The Fine Art of Rambling
By Bruce Shawkey
Found this cool book on the Internet, The Open Air Guide, on how to take walks. Chapters as follow:
The first begins:
WALKING AND CLIMBING
“To walk, perchance to climb."
Hamlet,’’ Revised.
We are not concerned with those who walk on roads as fast as they can from one place to another. They are excellent fellows, no doubt, but not wayfarers. This section is for those who roam.

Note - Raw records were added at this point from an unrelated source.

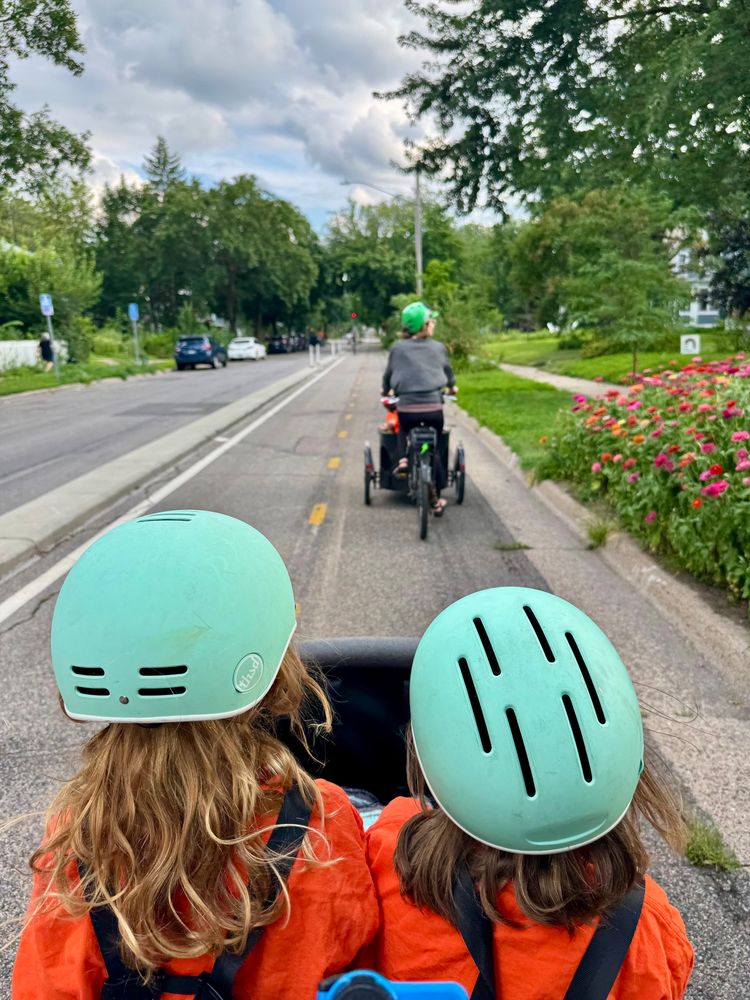 Laura’s kids sit in the front cargo area of their Bunch bike. Another parent is riding a different cargo trike with kids right in front. They’re riding in a 2 way curb protected bikeway.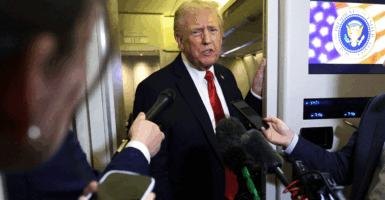 President Donald Trump speaks to members of the press on Oct. 19 aboard Air Force One. He is wearing a red tie and surrounded by microphones and journalists.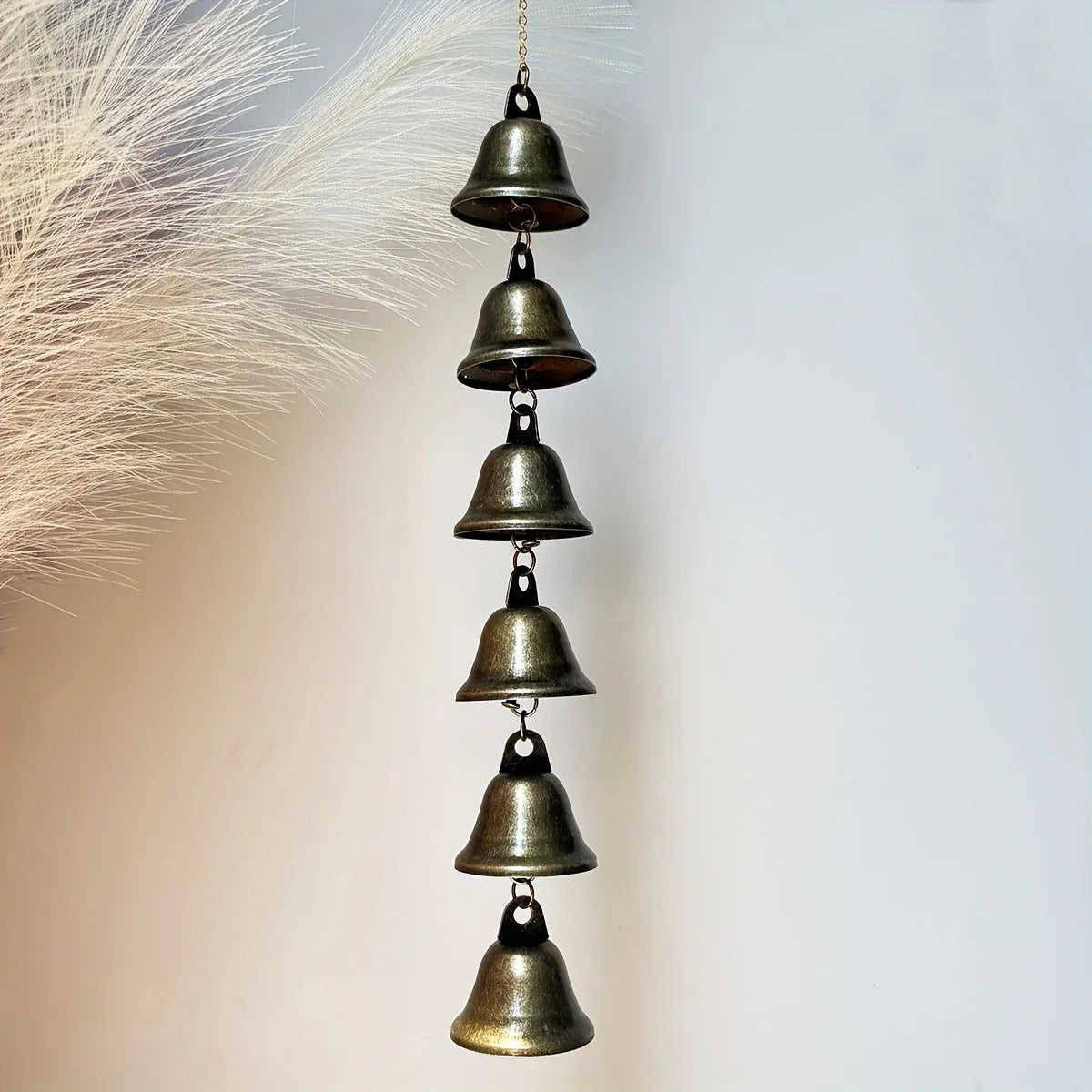 metal bell wind chime with six linked bells hanging on a chain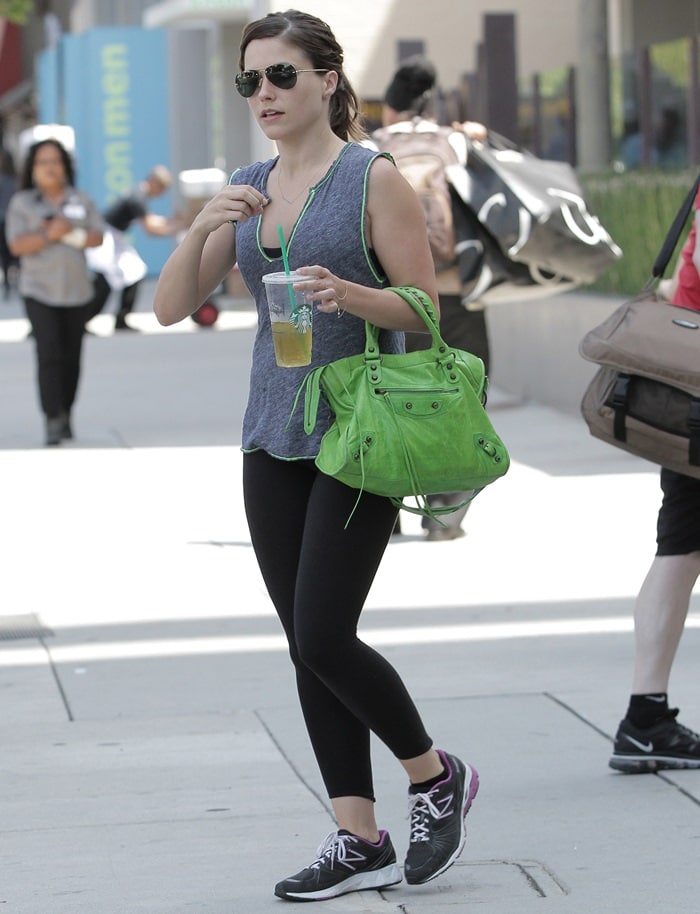 Sophia Bush toting a lime green Balenciaga bag while leaving the gym in West Hollywood, California, on July 25, 2013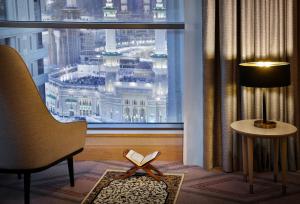 麦加Jumeirah Jabal Omar Makkah的客房设有窗户、书籍和椅子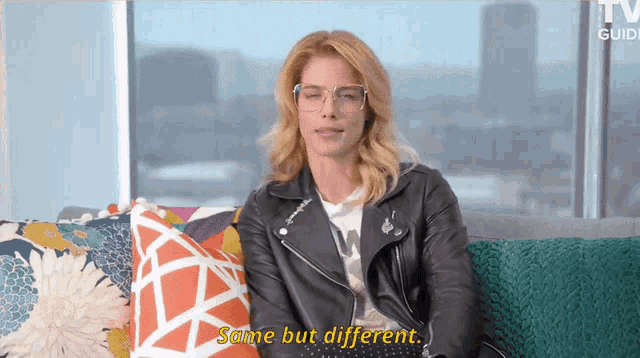 a woman wearing glasses and a leather jacket is sitting on a couch and saying same but different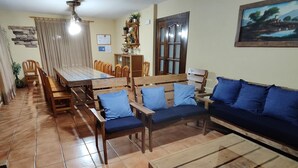 Ein großzügiges Wohnzimmer mit einem großen Holzesstisch, blauen Sofas und einem Deckenventilator.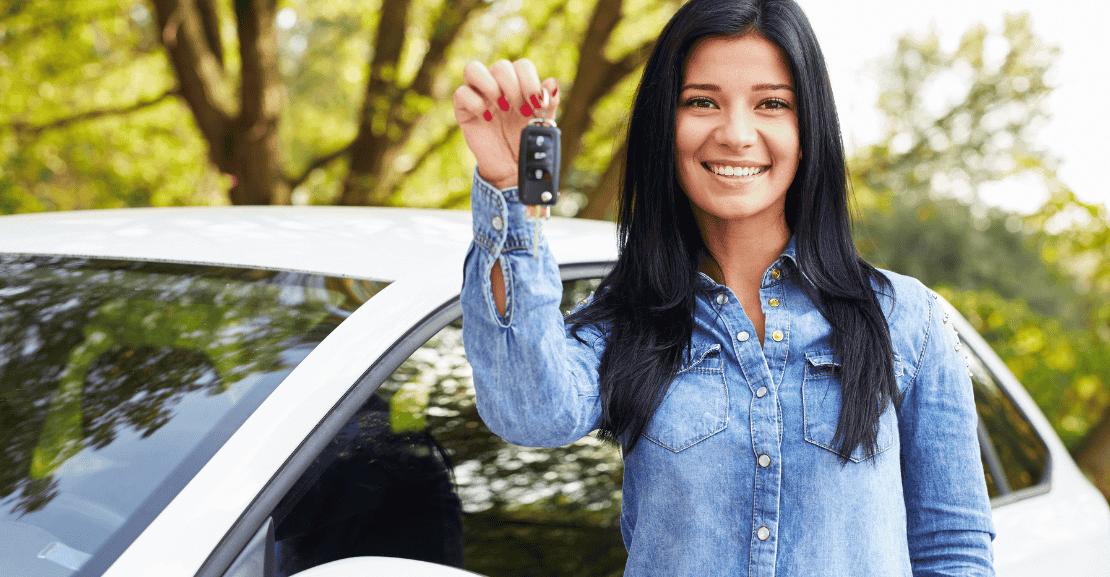 Monthly car rentals in Austin offer a flexible and affordable alternative to car ownership, featuring a customer holding rental car keys.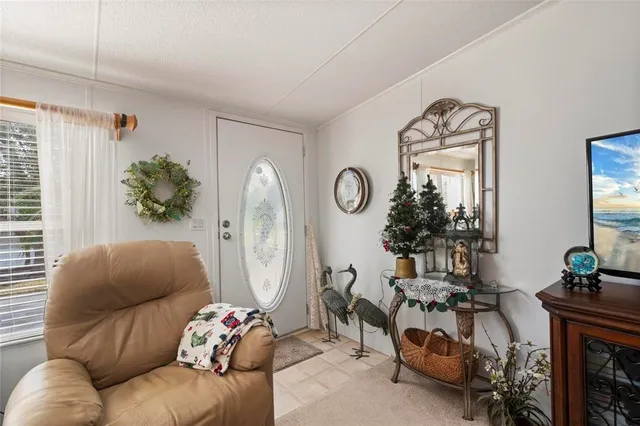 a view of a dining room with furniture and a chandelier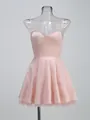 Primer plano de minivestido de satén rosa con tirantes y bajo de malla - XS / Tops / Rosa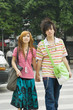 Young couple crossing street, holding hands, three quarter length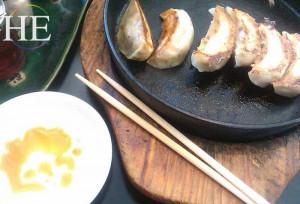 enjoying gyoza potstickers on Kauai Hawaii with HE Travel gay adventure tour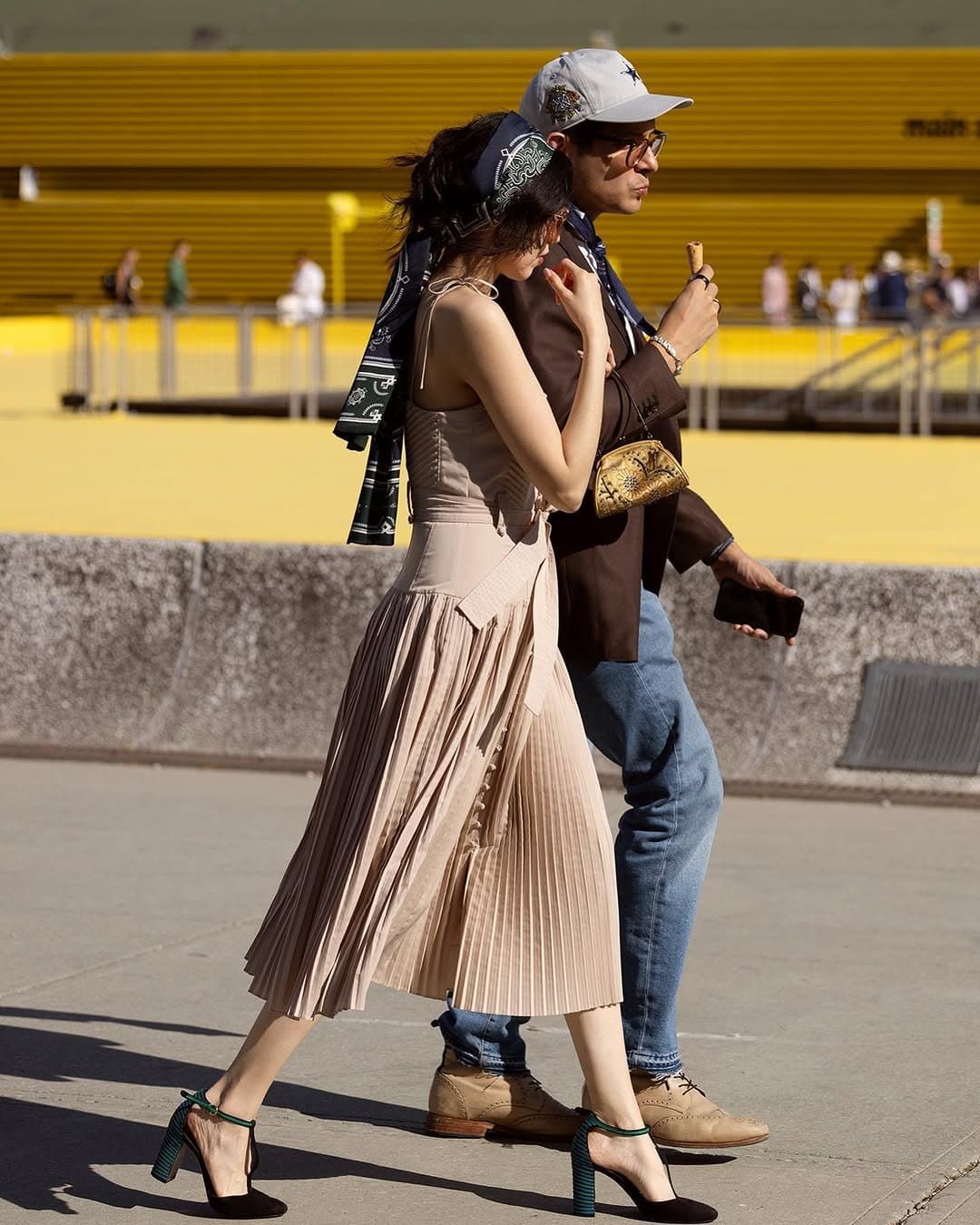 The scarf saves the dress.
The shoes finish the argument.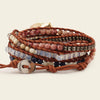 Multistrand bracelet with beads and leather strap on a light background
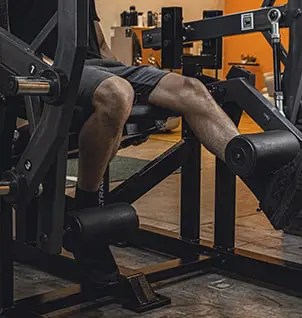 Homem realizando extensão de pernas em máquina de academia, fortalecendo quadríceps. Treino personalizado para pernas.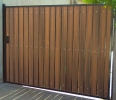 driveway gate with redwood composite privacy slats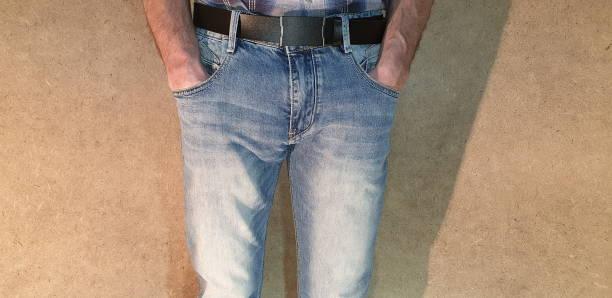 he thigh and calf, while still providing some room for movement. They are a modern and stylish alternative to traditional straight-leg jeans.Slim fit jeans are available in a range of washes, from light to dark, and in different colors. They are typically made from a blend of cotton and elastane, which provides stretch and flexibility for added comfort.When shopping for men's slim fit jeans, it's important to consider the fit and length. The jeans should fit snugly around the waist and hips without feeling too tight, and the length should be appropriate for your height.Slim fit jeans can be dressed up or down depending on the occasion. For a casual look, pair them with a t-shirt and sneakers. For a dressier look, pair them with a button-down shirt and dress shoes.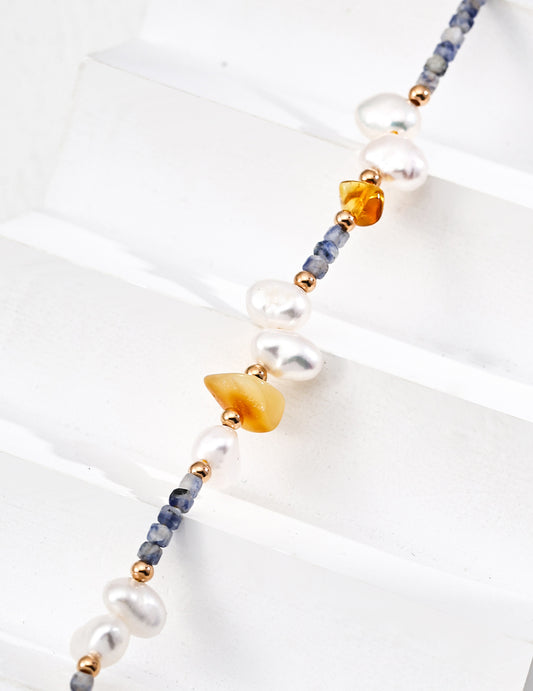 Close-up view of natural pearls, blue spotted stones, and beeswax amber accents, highlighting the intricate craftsmanship and unique design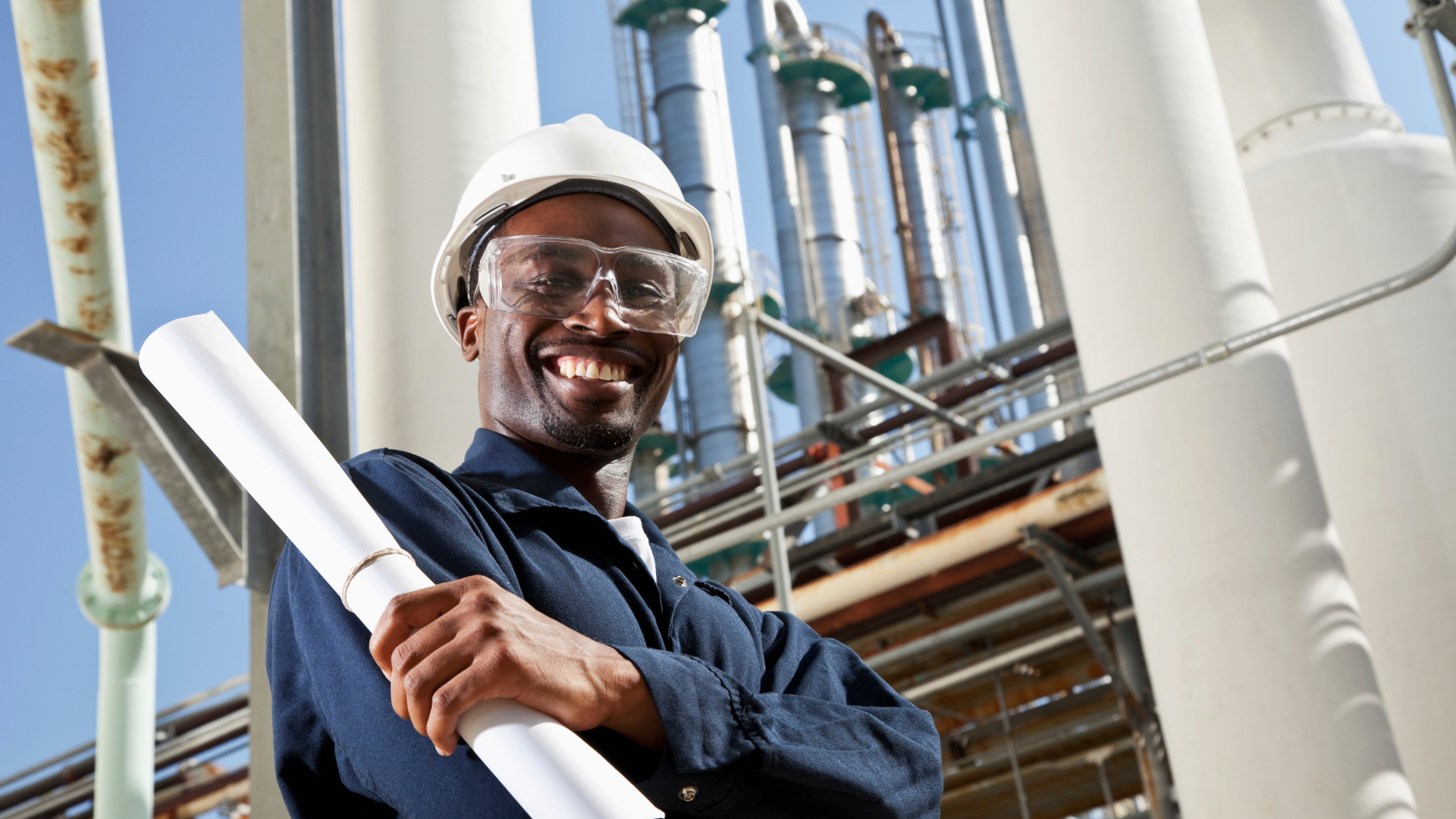 Smiling refinery worker wearing a white hard hat and safety glasses holding rolled blueprints at an industrial site.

Most wayfarers begin by taking country walks of a mild type and pass from that to more ambitious routes over moorland or hilly country. This may be defined as rambling. A more advanced type is fell walking wherein the summits of our British hills are attained. There are walking routes up almost every peak in Great Britain but inevitably the fell walker sooner or later gets his or her hands on rock and scrambling begins. Henceforth he finds a fascination in choosing routes up mountains which will give him boulders and low crags at a moderate angle, finds instead of the grass and heather slopes of the walker’s way.
It may be that he will remain content with this excellent sport, but it is very likely he will be tempted to join a roped party on a rock climb. He may even become a rock maniac, one of those people who grumble at the long grind to the rocks. But most of these men have come direct to rock climbing by chance and not after a course of graduation such as we have indicated. It is rare indeed for the fell walker to lose his love of the hills as hills, to judge a mountain by the quality and quantity of its crags.
----------------------------------
Reminds me a book I read I read a while back, American Ramble. The Open Air Guide was written in 1929, nearly 100 year before American Ramble. Just goes to show, man (and women) have long loved the notion of rambling, which the dictionary defines as "walk for pleasure, typically without a definite route."